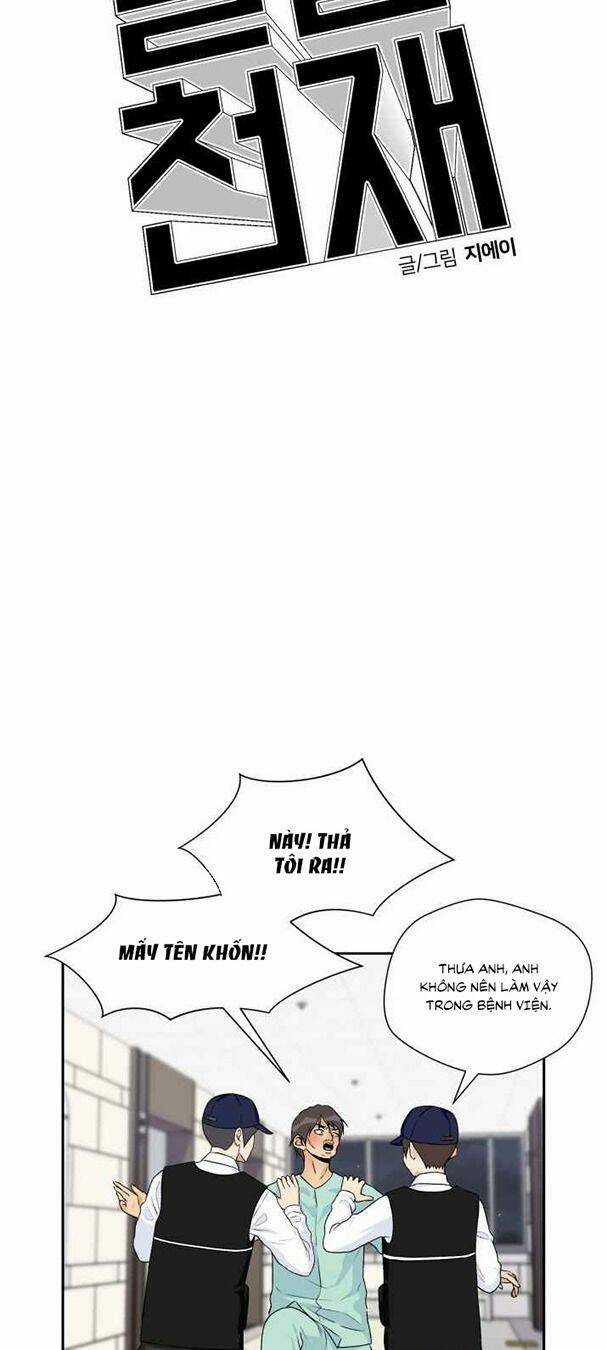 Gương Mặt Thiên Tài Chapter 13 trang 4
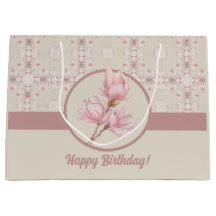 Patrón de Ephemera Beige de Magnolia Vintage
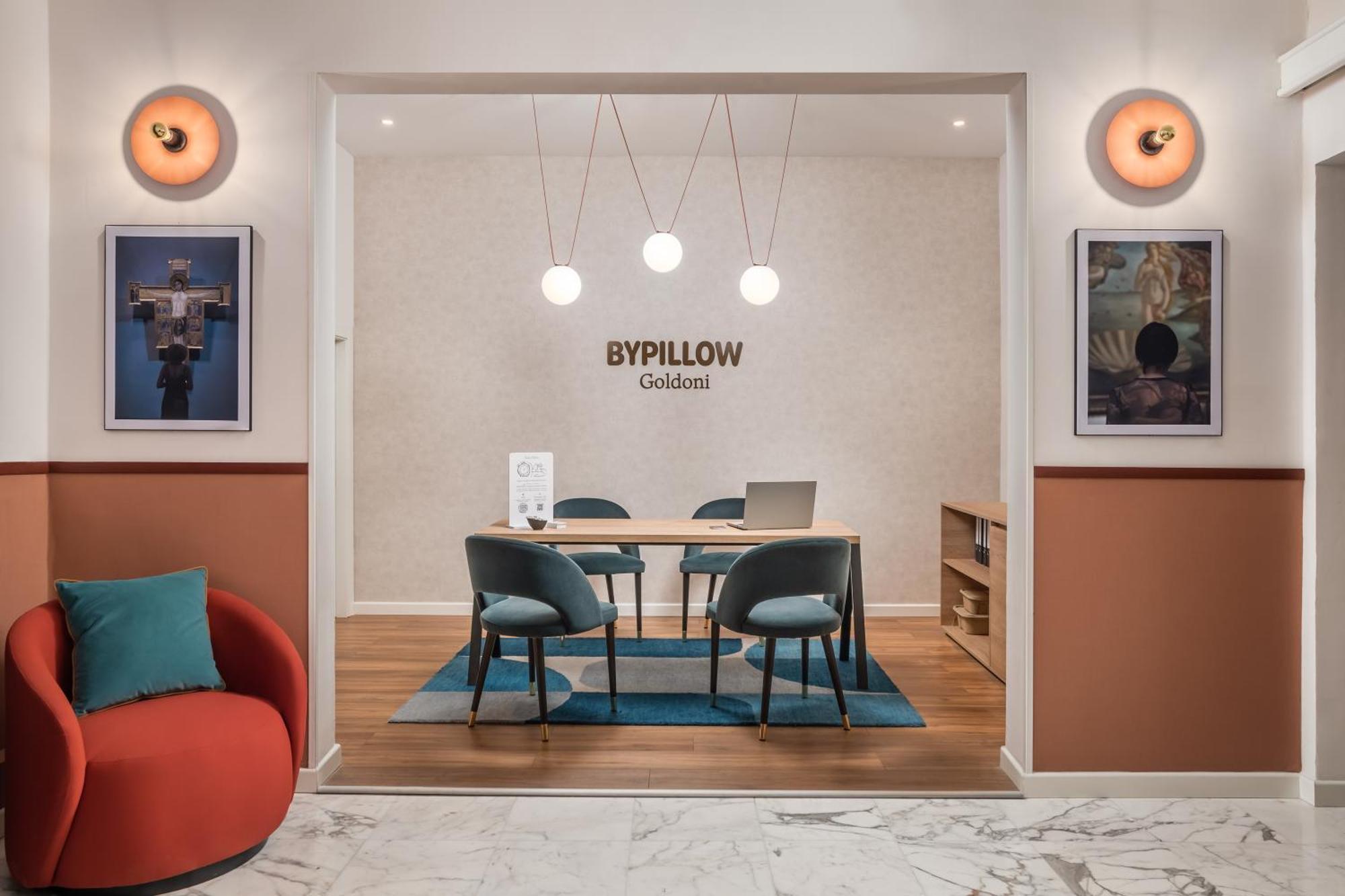 Hotel Bypillow Goldoni Florence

> [Assignment]: Exact copy required, pictures excluded: the lines from the one holding "Patrón de Ephemera Beige de Magnolia Vintage" through the last line of the data, both ends included.

> [Result]:
 Patrón de Ephemera Beige de Magnolia Vintage
 Hotel Bypillow Goldoni Florence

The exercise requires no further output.